• [YOUR ASSIGNMENT]:
Begin the copy at the line containing "Puya nitida" in the data below and end it at the line containing "Inselausflug Koh Larn", keeping each line exact and leaving out pictures.

• [RECORDS PROVIDED]:
================

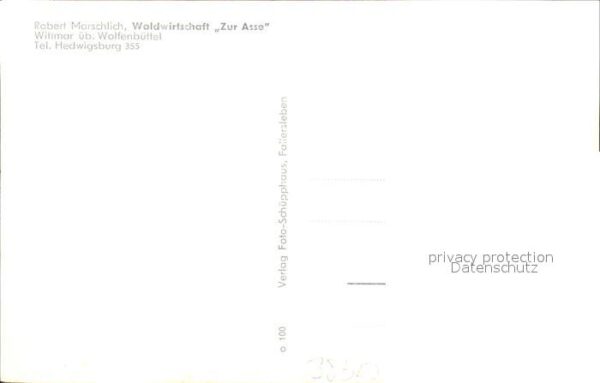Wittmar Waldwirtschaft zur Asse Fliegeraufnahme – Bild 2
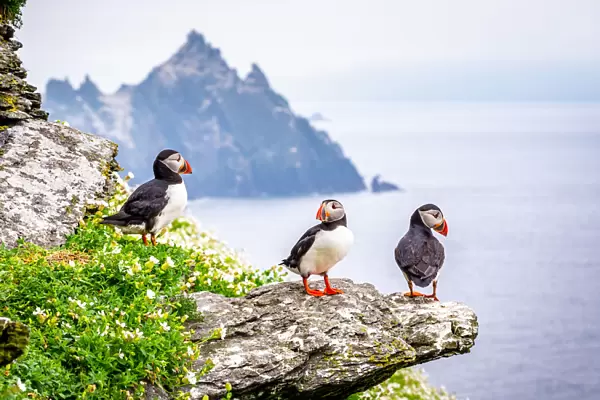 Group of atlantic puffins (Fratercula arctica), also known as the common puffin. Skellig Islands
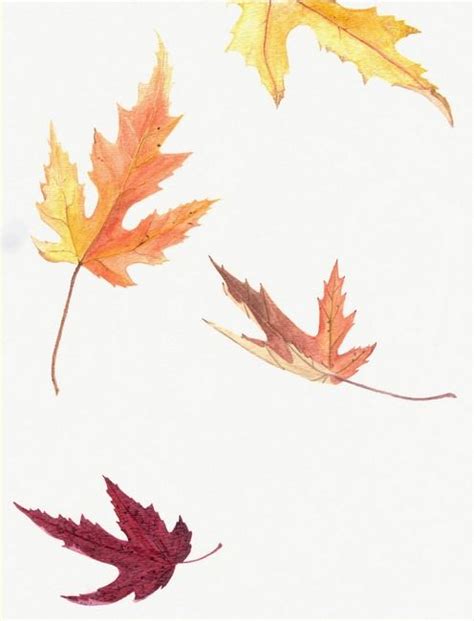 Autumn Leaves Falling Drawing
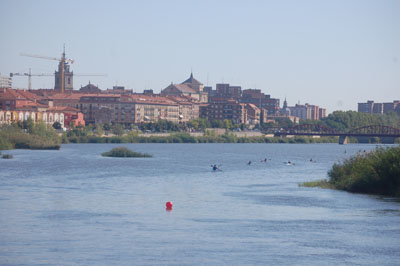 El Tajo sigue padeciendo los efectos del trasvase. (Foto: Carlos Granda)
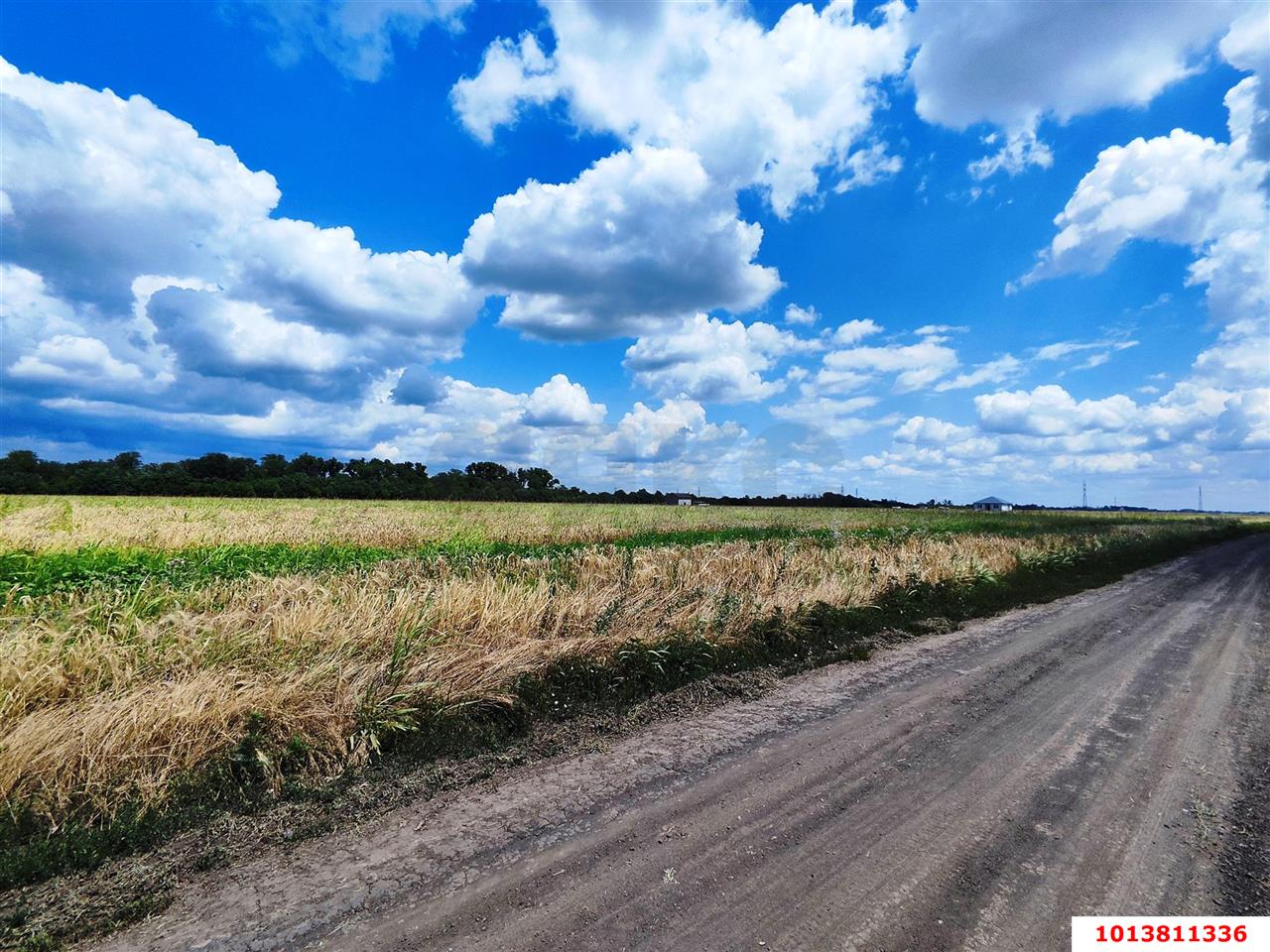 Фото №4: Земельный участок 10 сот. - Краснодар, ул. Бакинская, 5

================

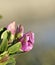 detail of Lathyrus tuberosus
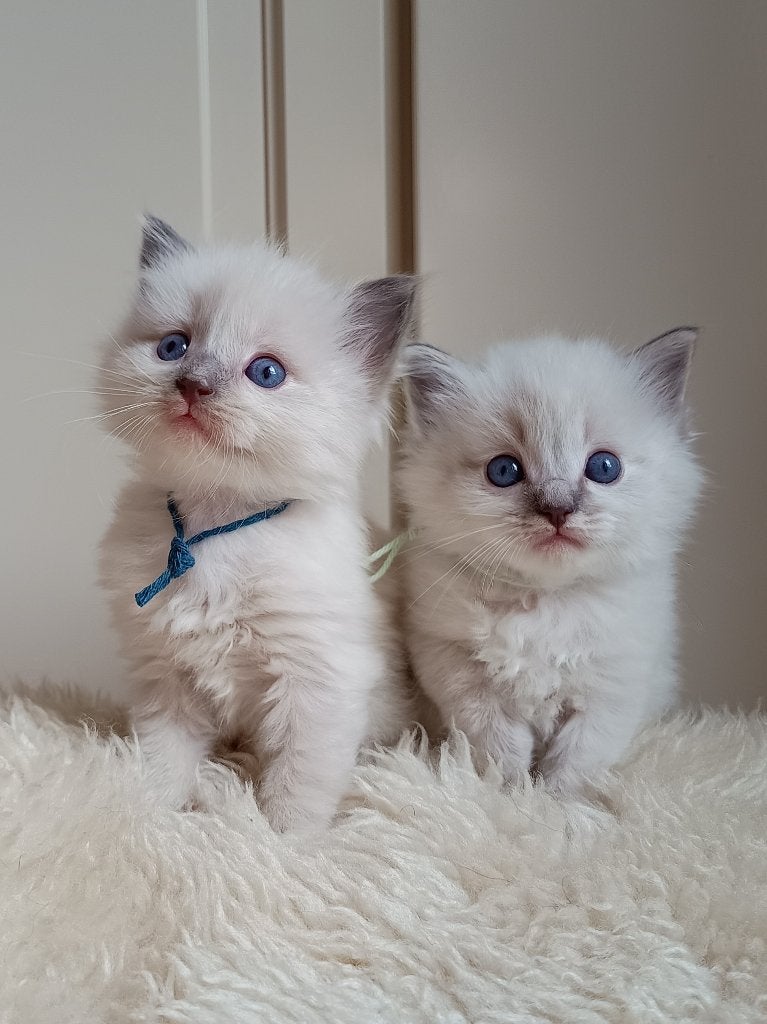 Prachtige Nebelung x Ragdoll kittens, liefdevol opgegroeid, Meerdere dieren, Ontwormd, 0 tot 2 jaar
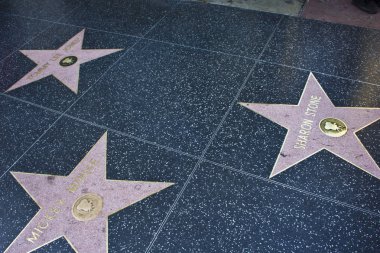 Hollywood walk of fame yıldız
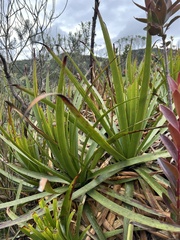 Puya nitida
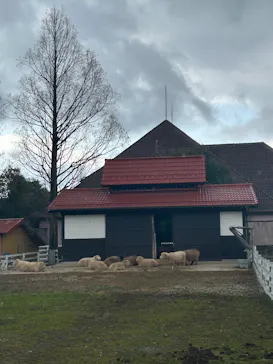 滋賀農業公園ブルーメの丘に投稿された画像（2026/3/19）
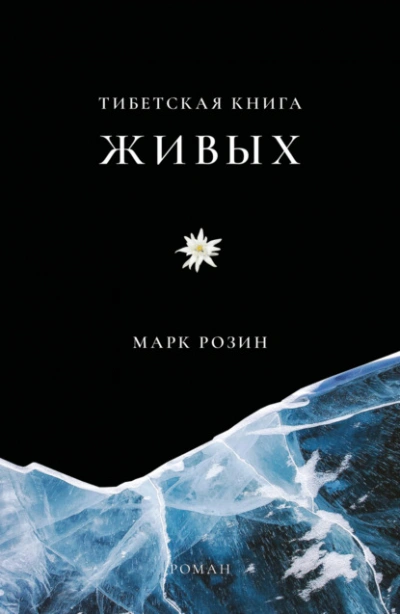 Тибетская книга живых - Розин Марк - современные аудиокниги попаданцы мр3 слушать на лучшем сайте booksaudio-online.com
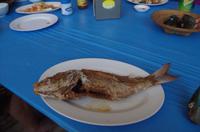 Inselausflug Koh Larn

================

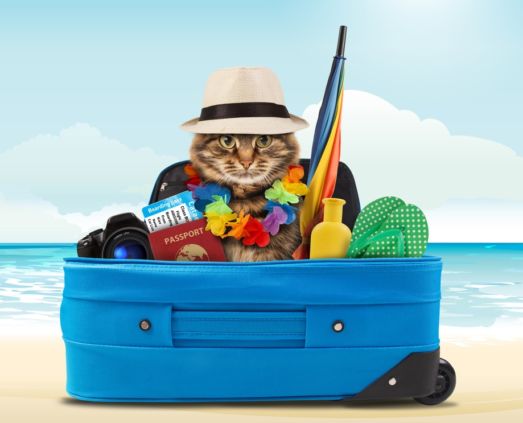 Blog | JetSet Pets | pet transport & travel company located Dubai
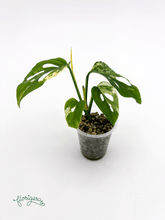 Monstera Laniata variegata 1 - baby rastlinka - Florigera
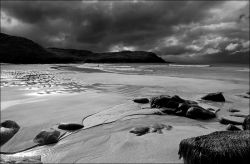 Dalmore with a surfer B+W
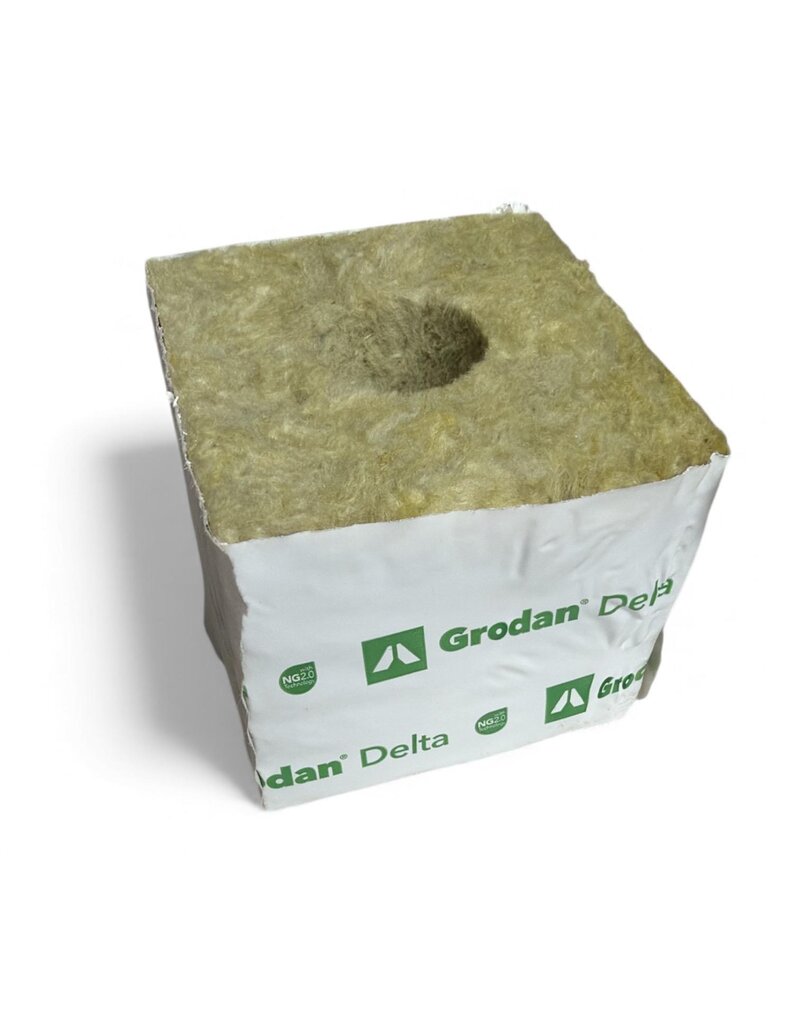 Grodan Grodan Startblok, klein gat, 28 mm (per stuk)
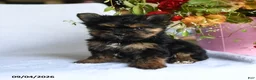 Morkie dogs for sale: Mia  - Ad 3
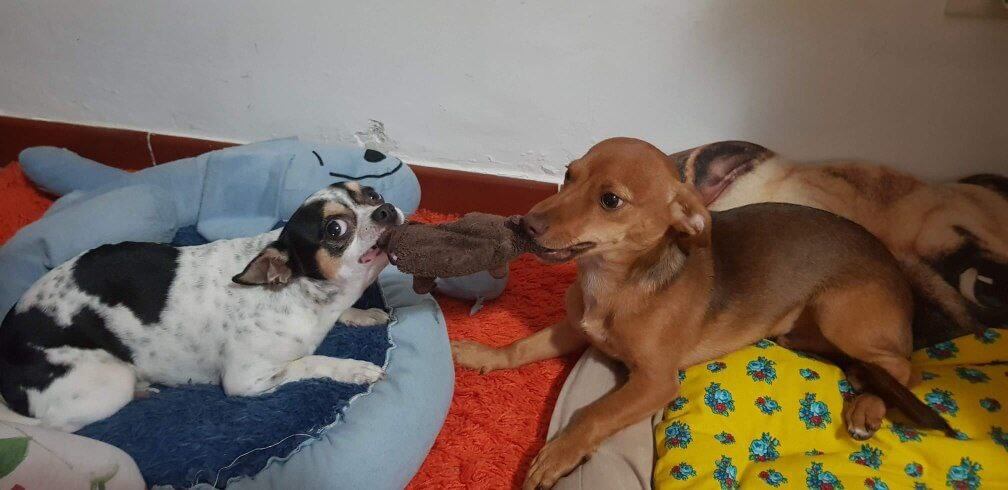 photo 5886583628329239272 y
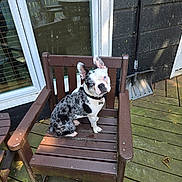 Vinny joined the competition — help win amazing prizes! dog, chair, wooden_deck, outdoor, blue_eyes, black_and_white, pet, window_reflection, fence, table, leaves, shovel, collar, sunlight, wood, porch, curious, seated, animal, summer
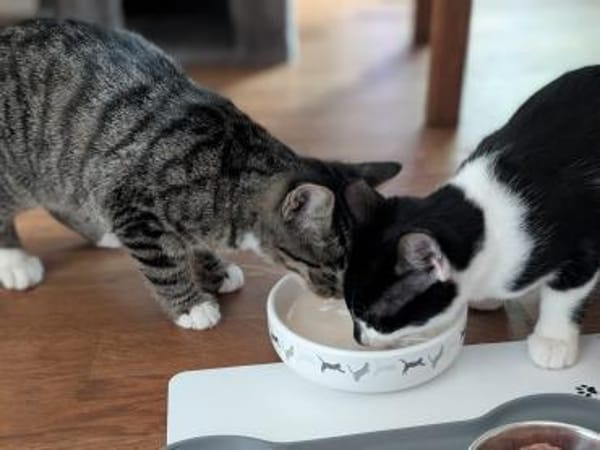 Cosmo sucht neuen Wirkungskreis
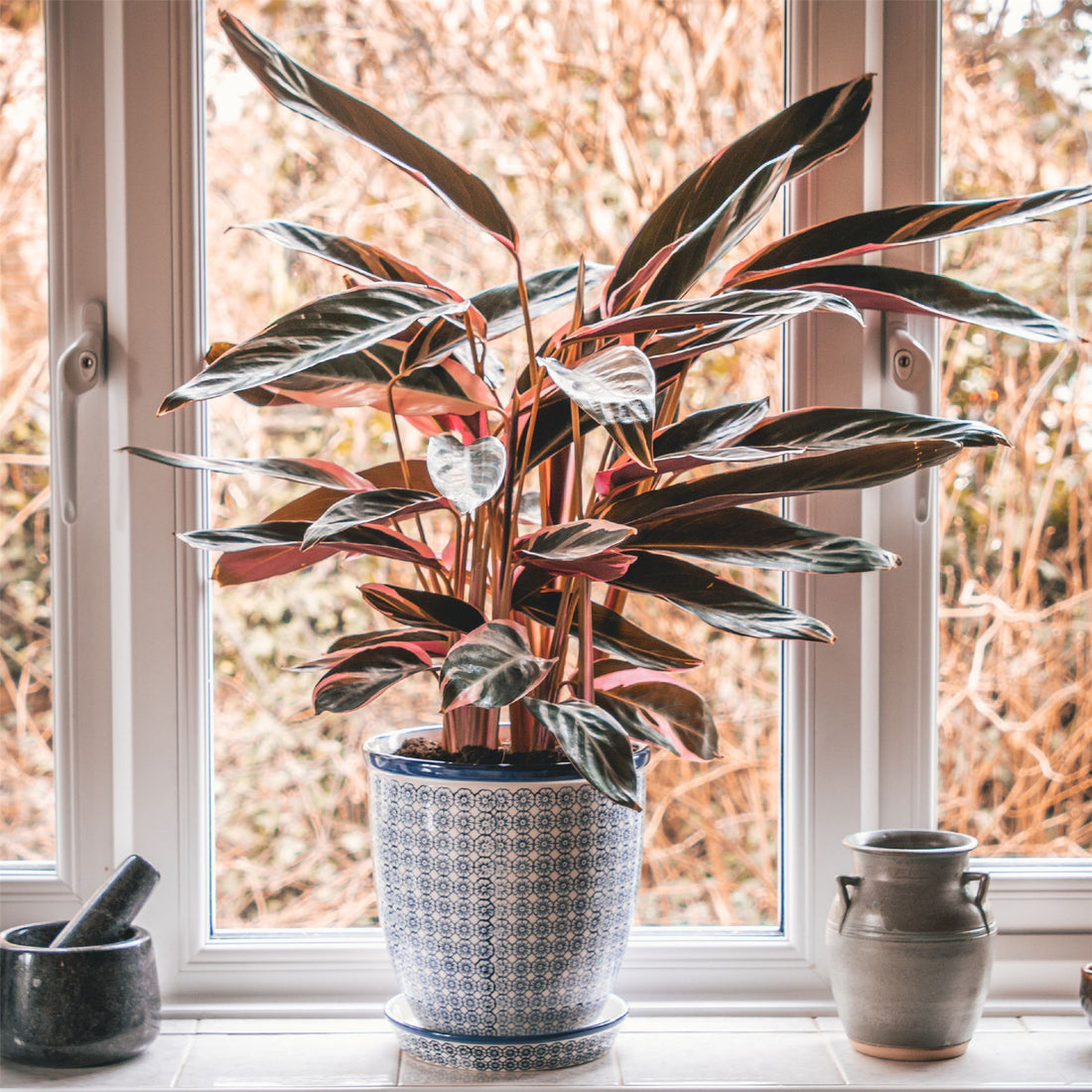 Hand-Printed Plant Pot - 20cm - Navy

================

• [RESULT FOR THIS TASK]:
 Puya nitida
 滋賀農業公園ブルーメの丘に投稿された画像（2026/3/19）
 Тибетская книга живых - Розин Марк - современные аудиокниги попаданцы мр3 слушать на лучшем сайте booksaudio-online.com
 Inselausflug Koh Larn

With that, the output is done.